Netflix, Accused of Sexualizing Girls, Pulls Artwork for ‘Cuties’ - tempsy
https://www.nytimes.com/2020/08/21/movies/netflix-cuties.html
======
geden
Also in the Guardian.

[https://www.theguardian.com/film/2020/aug/21/cuties-
netflix-...](https://www.theguardian.com/film/2020/aug/21/cuties-netflix-film-
fury)

The irony being that the first time director is a black woman.

Threatening the ability to be subtle in art. Not a new thing - see Chris
Morris 'Paedogeddon'
[https://www.youtube.com/watch?v=Q9frVTgoKSI](https://www.youtube.com/watch?v=Q9frVTgoKSI)

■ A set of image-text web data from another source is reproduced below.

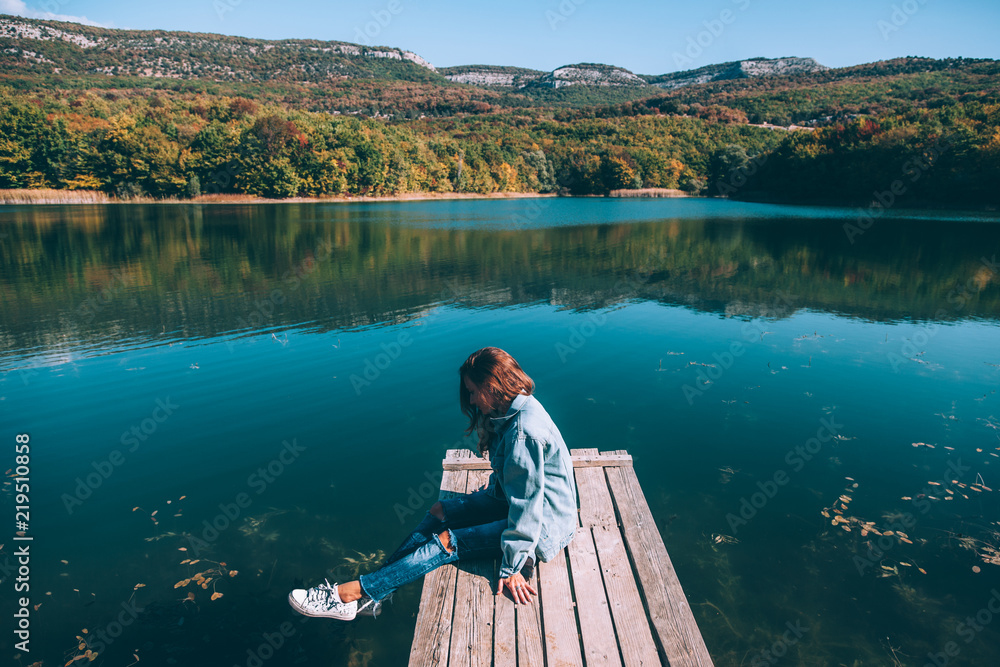 Fototapeta premium Person sitting on peer by the lake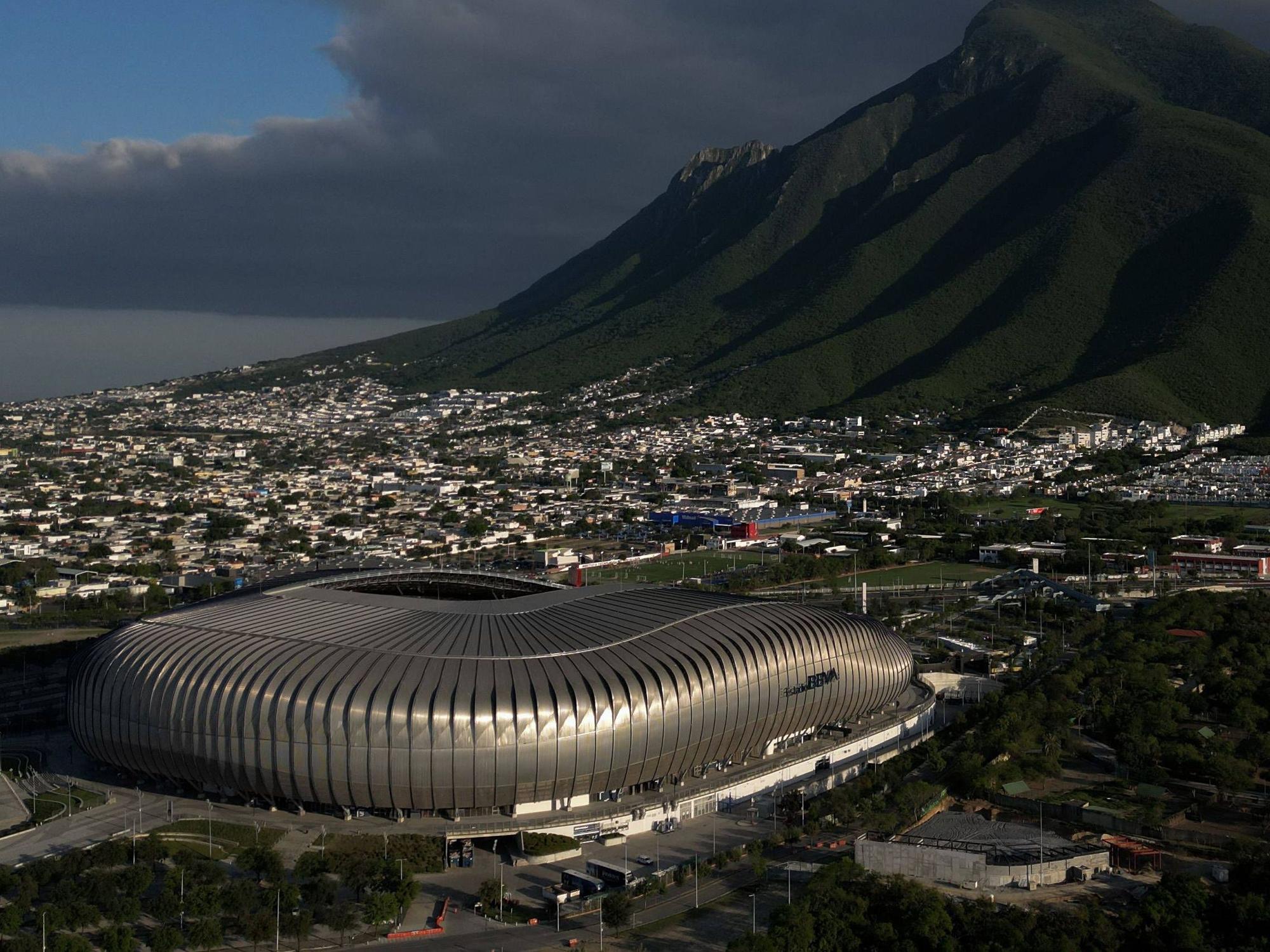 Ein futuristisches Stadion mit Blick auf eine Gebirgskette und eine Großstadt
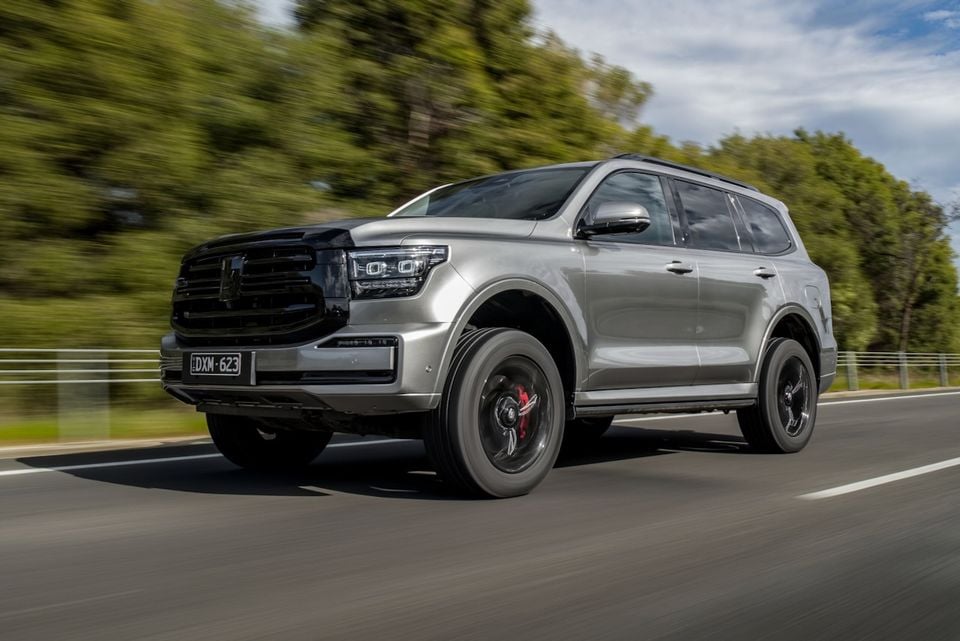 A silver 2026 GWM Tank 500 SUV driving on a highway, seen from the front quarter angle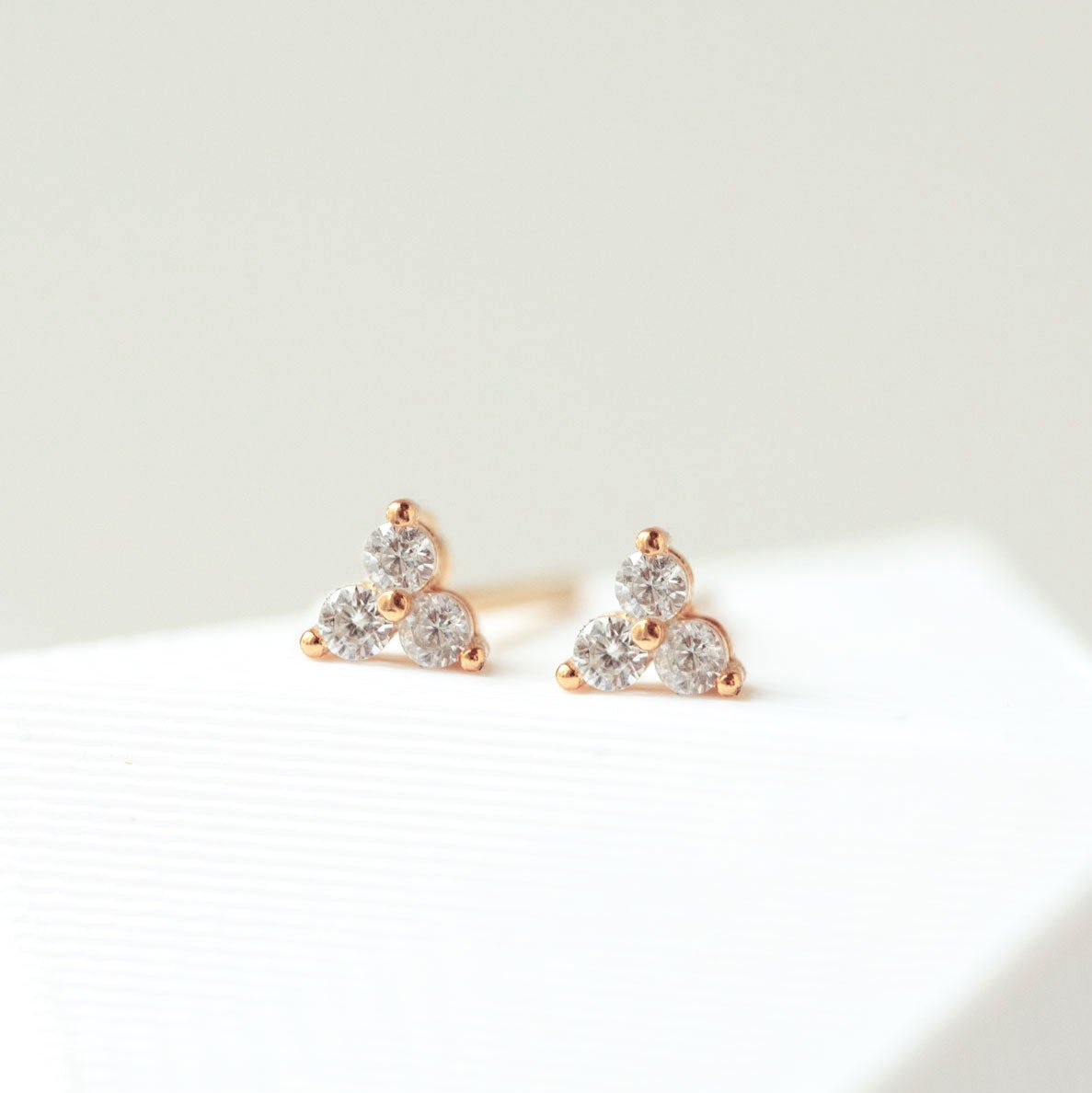 Close up of earring featuring Rose Gold Vermeil Clover Stud Earrings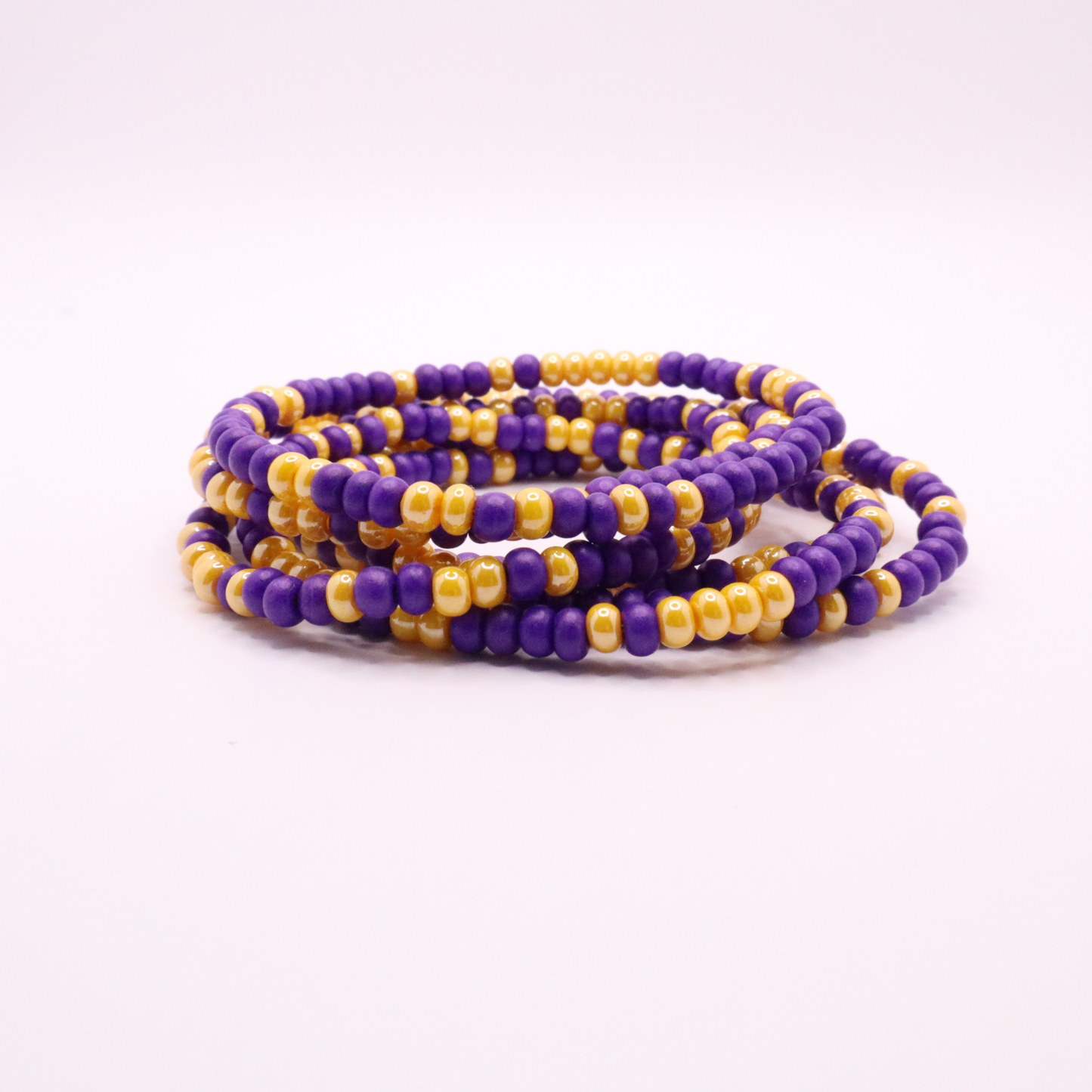 Set of six purple and gold seed bead stretch bracelets featuring random purple and gold seed beads on a white background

Hope folks wake up to the manipulation going on here fairly sharpish.

------
bleah1000
It's pretty clear that the artwork and the initial description of this movie
was really disgusting. Regardless of the actual content of the movie, it seems
like someone at Netflix might need to be visited by Chris Hanson if they
thought that picture was appropriate. I think some of the outrage is that this
movie seemed to be marketed to children/families, which makes the idea that
the movie is criticizing the over-sexualization of children particularly
ironic.

I also think that some of the backlash is that if you are criticizing
sexualizing children, do you need to sexualize children? I haven't seen the
movie, so this might be a great critique, but if it includes lots of kids in
really inappropriate situations and clothes, it would make the message of the
movie feel a bit hollow. Even in the times article, it mentions that there are
going to be scenes of these 11 year old girls twerking. Are the scenes
designed to shock, maybe, but it would make me feel very uncomfortable
because, regardless of what they intended, in the end, the movie is actually
sexualizing children.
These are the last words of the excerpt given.